From 07420143c465a453e7f356ee504b0a167e154818 Mon Sep 17 00:00:00 2001
From: Luca G <1923603+lgibelli@users.noreply.github.com>
Date: Wed, 27 Aug 2025 11:34:46 +0000
Subject: [PATCH] Fix vLLM queue overflow with serialized semaphore release

Multiple workers could acquire semaphore in rapid succession when queue dropped,
causing bursts of 1000+ page submissions and vLLM crashes.

Race condition in semaphore release logic - multiple threads could evaluate
conditions and release simultaneously before queue updated.

Add asyncio.Lock() to serialize release checks, ensuring atomic evaluation
and release. All condition checks now happen inside the lock.
---
 olmocr/pipeline.py | 40 ++++++++++++++++++++++++----------------
 1 file changed, 24 insertions(+), 16 deletions(-)
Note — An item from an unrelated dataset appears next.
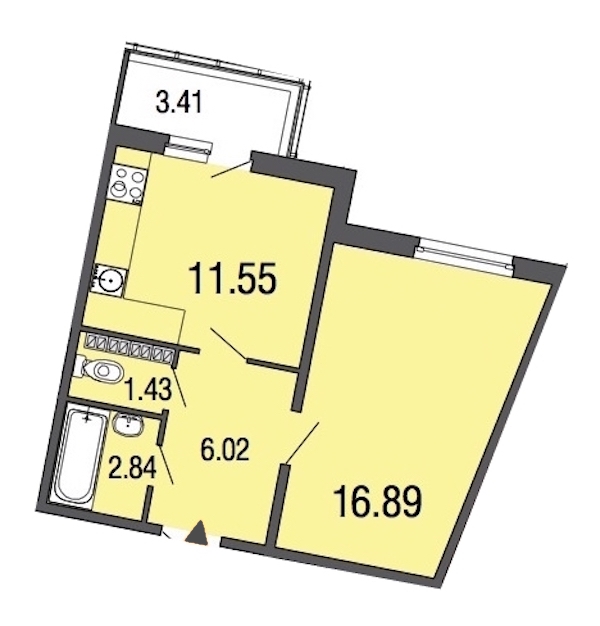 1-комнатная, 39 м² — ЖК ЖК ЭкоСити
diff --git a/olmocr/pipeline.py b/olmocr/pipeline.py
index 04a21701..4c7fd662 100644
--- a/olmocr/pipeline.py
+++ b/olmocr/pipeline.py
@@ -632,6 +632,10 @@ def _kill_proc():
     running_reqs_decreased = False
     server_printed_ready_message = False
     last_semaphore_release = time.time()
+    # Track pages submitted by last worker to ensure some complete before next release
+    pages_submitted_at_last_release = 0
+    # Lock to prevent multiple rapid semaphore releases
+    release_lock = asyncio.Lock()
 
     async def process_line(line):
         nonlocal last_running_req, last_queue_req, peak_running_req, running_reqs_decreased, last_semaphore_release, server_printed_ready_message
@@ -673,25 +677,29 @@ async def read_stream(stream):
                 logger.warning(f"Got {ex} when reading log line from inference server, skipping")
 
     async def timeout_task():
-        nonlocal last_running_req, last_queue_req, peak_running_req, last_semaphore_release, running_reqs_decreased
+        nonlocal last_running_req, last_queue_req, peak_running_req, last_semaphore_release, running_reqs_decreased, pages_submitted_at_last_release
+        
         try:
             while True:
                 await asyncio.sleep(1)
-
-                # Check if we should release the semaphore
-                should_release = (
-                    server_printed_ready_message
-                    and last_queue_req <= int(peak_running_req * 0.1)
-                    and time.time() - last_semaphore_release > 30
-                    and semaphore.locked()
-                    and (last_running_req == 0 or running_reqs_decreased)
-                )
-
-                if should_release:
-                    semaphore.release()
-                    running_reqs_decreased = False  # Reset flag after release
-                    last_semaphore_release = time.time()
-                    logger.info(f"Semaphore released at {last_running_req} running {last_queue_req} queued, peak: {peak_running_req})")
+                
+                # Only check basic conditions before acquiring lock
+                if server_printed_ready_message and semaphore.locked():
+                    # Use lock to prevent multiple releases
+                    async with release_lock:
+                        # Check ALL conditions inside the lock to prevent race conditions
+                        should_release = (
+                            semaphore.locked()
+                            and last_queue_req <= int(peak_running_req * 0.1)  # Original logic: 10% of peak
+                            and time.time() - last_semaphore_release > 30  # Original 30s cooldown
+                            and (last_running_req == 0 or running_reqs_decreased)  # Original condition
+                        )
+                        
+                        if should_release:
+                            semaphore.release()
+                            running_reqs_decreased = False  # Reset flag after release
+                            last_semaphore_release = time.time()
+                            logger.info(f"Semaphore released at {last_running_req} running {last_queue_req} queued, peak: {peak_running_req})")
         except asyncio.CancelledError:
             pass  # Clean up if the task is cancelled